• **MATERIAL PROVIDED**:
******
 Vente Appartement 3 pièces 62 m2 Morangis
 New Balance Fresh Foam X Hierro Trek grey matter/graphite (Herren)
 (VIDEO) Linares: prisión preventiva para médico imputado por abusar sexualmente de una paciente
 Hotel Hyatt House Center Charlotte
******
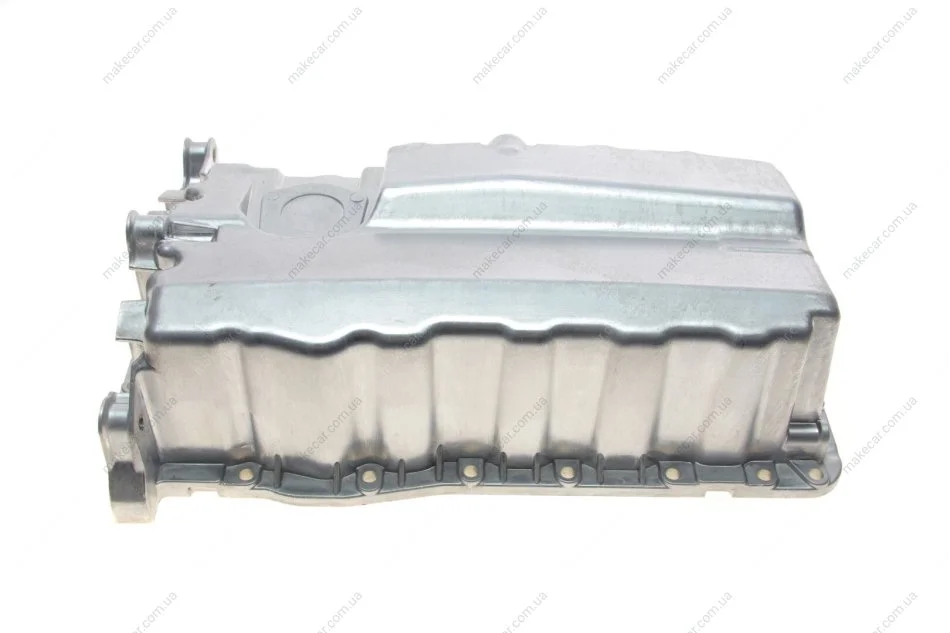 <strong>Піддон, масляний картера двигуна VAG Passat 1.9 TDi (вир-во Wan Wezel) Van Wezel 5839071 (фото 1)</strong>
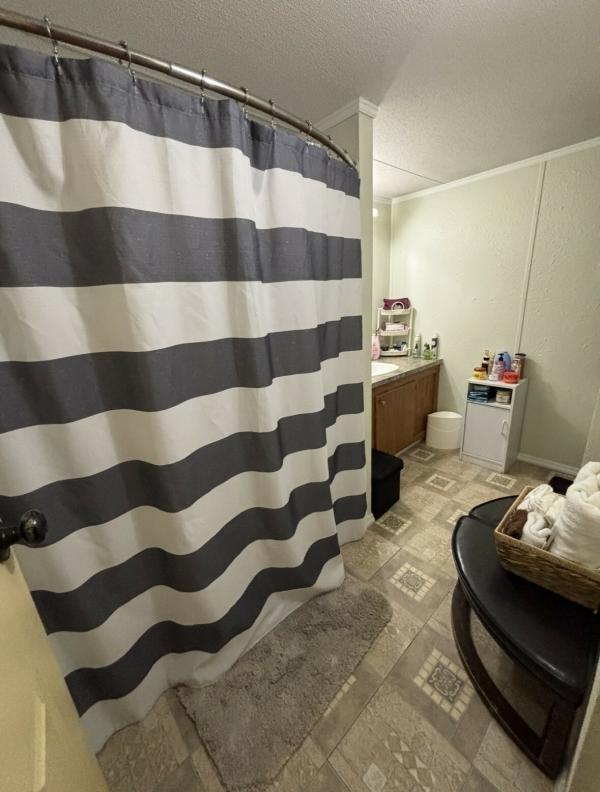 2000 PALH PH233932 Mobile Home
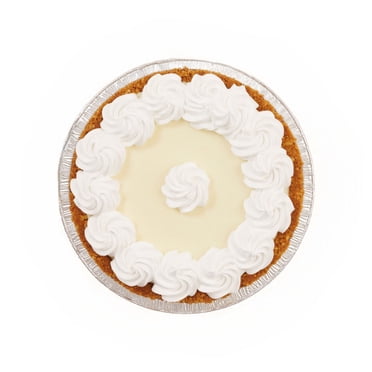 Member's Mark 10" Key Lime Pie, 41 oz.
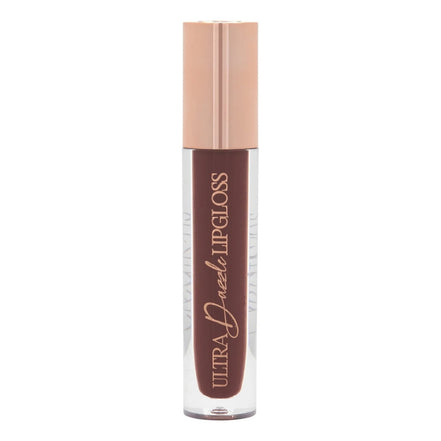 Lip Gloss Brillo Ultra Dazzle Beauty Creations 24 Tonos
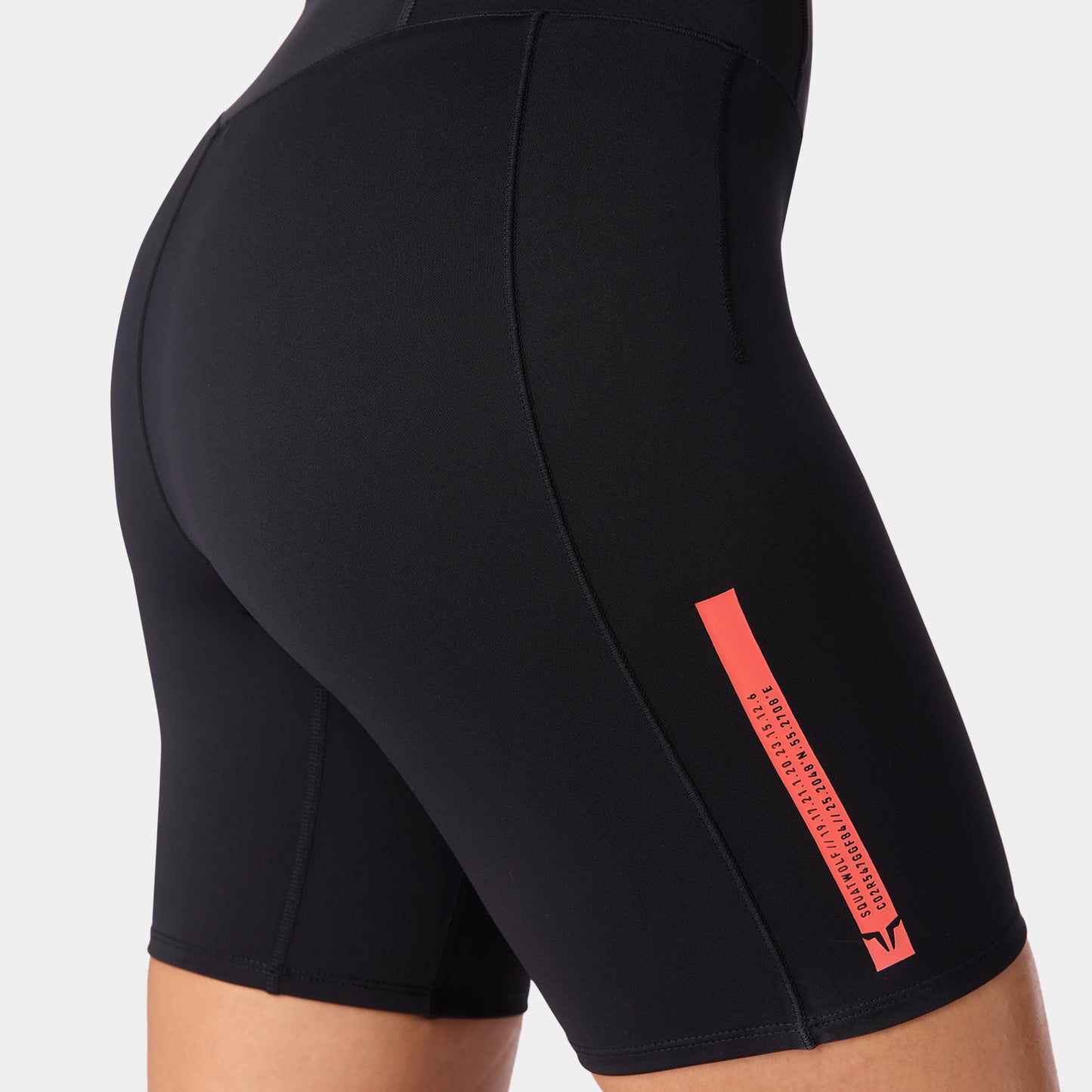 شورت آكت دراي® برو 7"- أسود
******
• **ACTION ITEM**:
Set down only the lines above that fall between the line holding "Vente Appartement 3 pièces 62 m2 Morangis" and the line holding "Hotel Hyatt House Center Charlotte", inclusive, keeping each exact.

• **OUTPUT OF THE EXERCISE**:
 Vente Appartement 3 pièces 62 m2 Morangis
 New Balance Fresh Foam X Hierro Trek grey matter/graphite (Herren)
 (VIDEO) Linares: prisión preventiva para médico imputado por abusar sexualmente de una paciente
 Hotel Hyatt House Center Charlotte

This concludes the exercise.